Recorded information below:

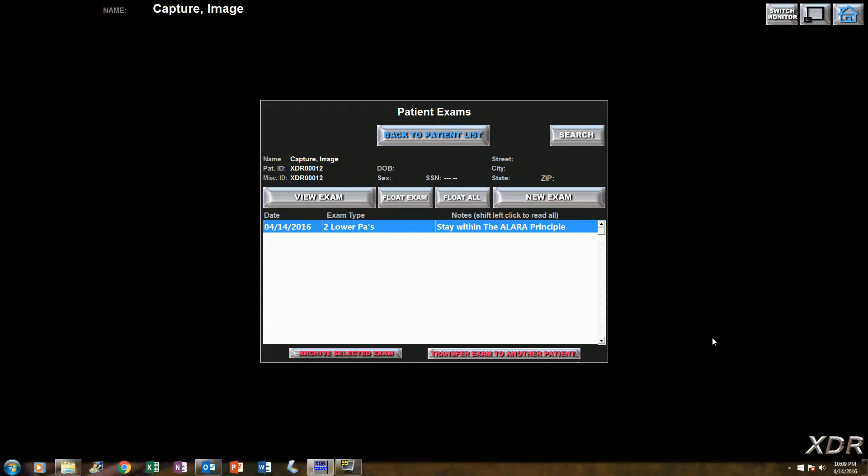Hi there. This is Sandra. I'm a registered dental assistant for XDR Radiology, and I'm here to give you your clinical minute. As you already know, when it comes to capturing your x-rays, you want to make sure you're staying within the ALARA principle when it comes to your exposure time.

End of Recorded information.
Recorded information below:

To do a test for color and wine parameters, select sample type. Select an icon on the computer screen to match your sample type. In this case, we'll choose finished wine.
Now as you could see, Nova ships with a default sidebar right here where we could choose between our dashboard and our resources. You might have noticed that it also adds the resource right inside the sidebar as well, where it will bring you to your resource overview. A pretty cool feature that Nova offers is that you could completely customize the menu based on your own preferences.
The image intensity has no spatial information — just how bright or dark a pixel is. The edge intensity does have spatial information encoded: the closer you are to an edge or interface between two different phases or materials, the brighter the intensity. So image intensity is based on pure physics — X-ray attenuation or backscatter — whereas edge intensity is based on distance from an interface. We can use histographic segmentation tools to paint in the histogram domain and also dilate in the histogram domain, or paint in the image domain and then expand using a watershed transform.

End of Recorded information.

*What you need to do*.
Tell how many lines of the entries above include "choose". The answer should be the number and nothing more.

*Result for this exercise*.
2